Friday, 9 May 2008

.mobi and mowser... there might be something to it

Interesting news this morning with .mobi buying mowser. I tweeted my immediate reaction: a Roman Catholic reaching out to buy the local synagogue?

The religious analogy is deliberate. .mobi is an initiative to improve the quality of the available internet on mobile devices. It provides guidelines on site design and structure and proposes exclusive use of a .mobi domain to let users know that it is mobile compliant. Other forms of URL or site structure are actively discouraged (and often disparaged by a zealot-like following).

Mowser is a transcoder. A site designed to take any internet page and re-render it to a mobile device irrespective of domain URL. Transcoders are – and I hope I am forgiven for this – a quick and dirty way of viewing the internet. To the original thinking in the .mobi organisation they are either the devil or a necessary evil before true conversion to the .mobi mantra catches hold in the masses.

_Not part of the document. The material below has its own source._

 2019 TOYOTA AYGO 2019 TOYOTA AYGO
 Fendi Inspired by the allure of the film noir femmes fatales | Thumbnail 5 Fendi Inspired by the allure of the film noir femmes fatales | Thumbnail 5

That .mobi would buy mowser signals a clear change in strategy. Yes, bringing on board Russell Beattie and Mike Rowehl into any organisation will help increase the drive, energy and mobile knowledge within it but to buy the software too means one of the following, both of which are profound:

- .mobi accepts that not everyone wishes to use its tools or that still after much simplication (and they are excellent) it is not simple enough for the mass market. At least – it figures – if someone uses a transcoder that it controls it can try and ensure that all output adheres to its .mobi guidelines as closely as possible. One should note here therefore that it is extremely likely that .mobi continues aggressively with the mowser publisher acquisition programme where publishers advertise a mowser specific mobile link

- The owners of .mobi – largely the operators – have exerted some influence. Perhaps wanting a little more acceleration of creating a mobile standard and seeing .mobi growing but not quickly enough, the operators are interested in accelerating things through a quickier, dirtier approach. More likely perhaps, with widespread criticism of transcoder deployment from Novarra and Openwave, the operators might figure that to bring on a transcoder into the .mobi fold will allow it to develop a solution with widespread mobile industry support and then deploy something potentially more effective and less contentious at a later stage. It will have been an inexpensive hedging strategy, particularly as it is split several ways.

There are probably other angles to be considered but these are top of mind.

2 comments:

Anonymous said...

Interesting article. But there's nothing sinister about this :-)

The motivation (which came from dotMobi itself) was to put good technology to work on a bigger scale, making it easier for the world to embrace the mobile web.

The key will be allowing sites to 'opt-in' to content adaptation services, rather than doing it blind, arrogantly, within the network.

If nothing else, we hope we can demonstrate how responsible, and useful, transcoding can actaully be, when applied sympathetically.

That would be success enough!

Coalface said...

Thanks for the feedback James. Yes indeed, that would be a triumph and all power to .mobi in promoting the mobile web.